1.19 generators#

This lesson explains the concept of generators in python and the use of keyword yield.

We know that we can do list comprehension as below,

print([i for i in range(10)])
[0, 1, 2, 3, 4, 5, 6, 7, 8, 9]

Similarly we can also do tuple comprehension

print((i for i in range(10)))
<generator object <genexpr> at 0x7ffad3f01040>

However, we see that a tuple comprehension returns a generator.

a = (i**i for i in range(10))

We can unpack generators using * as following

print(*a)
1 1 4 27 256 3125 46656 823543 16777216 387420489

iterating over generator#

We can use generators in a for loop because we can iterate over them.

a = (i for i in range(10))

for i in a:
    print(i)
0
1
2
3
4
5
6
7
8
9

The next function on a generator is akin to running the for loop for one iteration. It means we want to get the next value from generator.

a = (i**i for i in range(10))
next(a)
1
next(a)
1
next(a)
4

We can call the next function as long as the function is not exhausted.

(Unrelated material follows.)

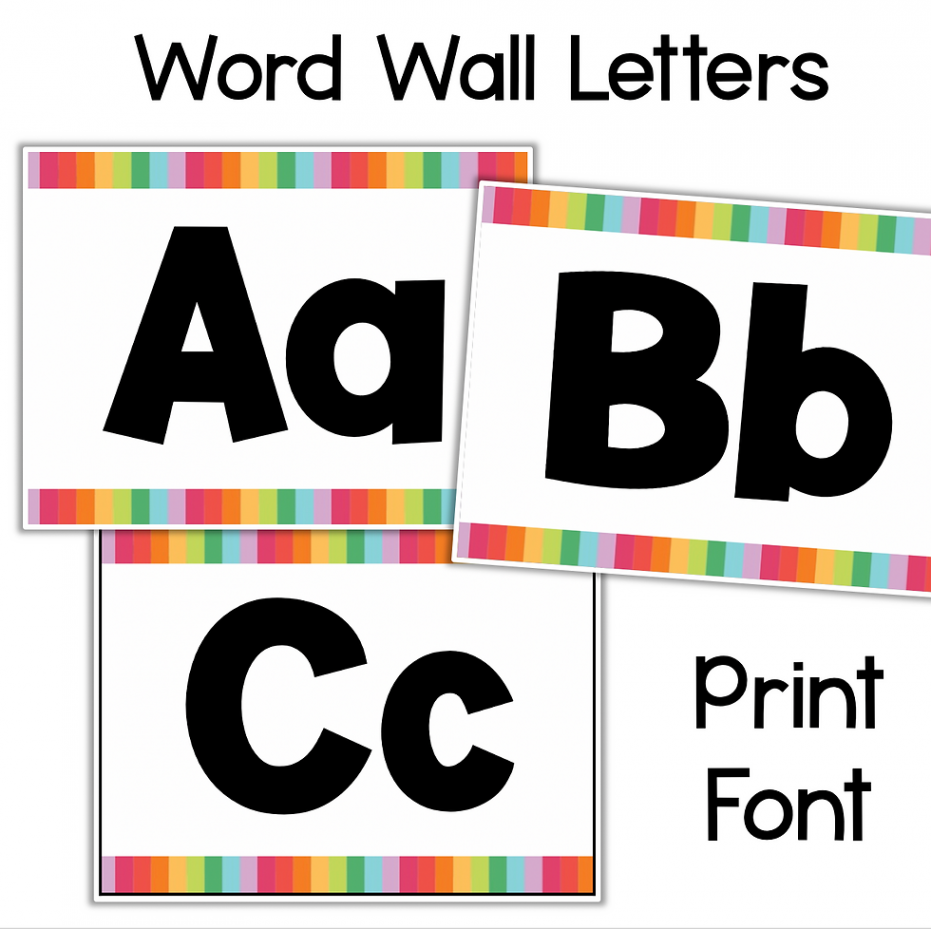 Editable Word Wall - Cursive & Print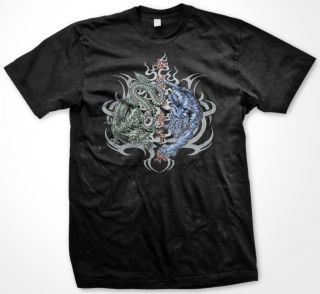 Dragon Tiger Zodiac Symbol Triumph Opposing Forces Asian Mens T shirt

Running a for loop on a generator actually calls next function on the generator until it is exhausted.

for i in a:
    print(i)
27
256
3125
46656
823543
16777216
387420489

Since all the iterations are complete, our generator is now exhausted. If we try to get next value from generator, it will throw an error.

# uncomment the following line
# next(a)
for i in a:
    print(i)

The above for loop was run on exhausted generated, therefore no iteration was run. However, it should be noted that StopIteration exception was not raised by for loop. This is because, for loop automatically detects the StopIteration and stop its iteration instead of raising the error/exception.

Above, when we created generator using tuple comprehension, we were just returning i but we can do a complicated or computationally heavy stuff e.g. reading a file at each iteration.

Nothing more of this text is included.